The flip side of those themes, of course, the unavoidable fact that Klown is about the misadventures of a couple of assholes–more than likely a facet that drew Danny McBride, whose HBO alter ego is the constantly off-color Kenny Powers, to the property. Nørgaard wondered during Klown’s TV run just how horrible he could make his leads–Casper in particular–and retain the show’s fandom. “At one point I was thinking, ‘What’s your limit, guys? What should I do to get you to hate these guys?'” Nørgaard says. “I was surprised how far we were able to go. But it comes back to the heart thing, I really think that’s the key. The character is doing the bad thing out of a wish to do good — inside all the crap, he’s a good guy. We also like Caspar, and he’s just an asshole.”

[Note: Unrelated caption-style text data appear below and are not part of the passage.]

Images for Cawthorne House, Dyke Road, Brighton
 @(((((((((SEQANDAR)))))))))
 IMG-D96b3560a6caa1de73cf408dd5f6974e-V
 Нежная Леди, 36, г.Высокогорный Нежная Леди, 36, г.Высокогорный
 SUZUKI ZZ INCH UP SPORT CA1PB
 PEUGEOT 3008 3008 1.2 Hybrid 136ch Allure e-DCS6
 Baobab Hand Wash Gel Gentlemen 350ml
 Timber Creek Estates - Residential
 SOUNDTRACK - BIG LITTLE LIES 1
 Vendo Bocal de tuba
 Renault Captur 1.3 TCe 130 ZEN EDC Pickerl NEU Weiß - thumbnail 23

The “crap,” in the film alone, includes but is not limited to: Running from home during a burglary, leaving a 12-year-old Bo to fend for himself; smoking a massive joint while responsible for the same child; indulging in numerous conversations with the boy about the lackluster size of his “willie.” American audiences will do well to steel themselves for McBride’s spin on the material, although from what Nørgaard has witnessed of the U.S.’s experience with the original, all is well: In Austin, TX for a screening last autumn, Nørgaard worried, “How are they gonna take this in? Will they understand it, that there’s a heart in it, or will they just find it vulgar?” And in the end? “They had a very amazing, positive approach to it.”
Nørgaard calls Denmark’s television censorship “pretty liberal,” which allowed the film’s boundary-pushing to be more story-oriented than centered around carte blanche shock value. “There’s gotta be a reason for these guys to do something stupid, and the more time you have, the more stupid they can be,” he says.
Does Nørgaard have any tactics he’d personally use in converting his series’ brand of uncomfortable entertainment for another nation’s sensibilities? “Awkwardness is really interesting, and I think that each country has its own issues there,” he says. “You’ve really got to figure out which buttons to push to make it work specifically in each country. You’ve really got to know the society that you want to portray if you want to do a film like this.”
Though Hvam and Christensen, who also wrote for the film and series, have been facilitators for the Warner remake and may continue on in a production capacity, Nørgaard is aiming to have little influence. “They bought it, now it’s theirs to do with it what they find the best,” he says. “If any of these guys wanted to talk about how we did it and what I thought were the important things in the film, I’d be glad to share. But I don’t want to get hands-on or get really involved. I’m afraid it’ll mess it up. I’ll just sit back and see what happens.”
Nørgaard is clearly not of the opinion that remakes are inherently loopy in the first place; he’s probably not the guy you’d hear lauding Sweden’s Let the Right One In and going on to decry Chloë Moretz’s version as a hackish money-grab. “In the U.S., when you have a foreign film, it’ll always be an arthouse film,” he says. “So I think there is good reason for remaking some of these films in America, because they’ll get a lot more attention. If I should do a remake at some point, I would prefer to do it in America; to remake something European in the U.S. could be interesting.”
Talk of the adaptation has, Nørgaard half guesses, half hopes, boosted awareness of Drafthouse Films’ U.S. release of Klown. “Coming out in the States is like the biggest you can hope for a film going abroad,” Nørgaard says. “Denmark is a very small country, and we just hoped the film would go well in our country. And now it’s moving out in the world.”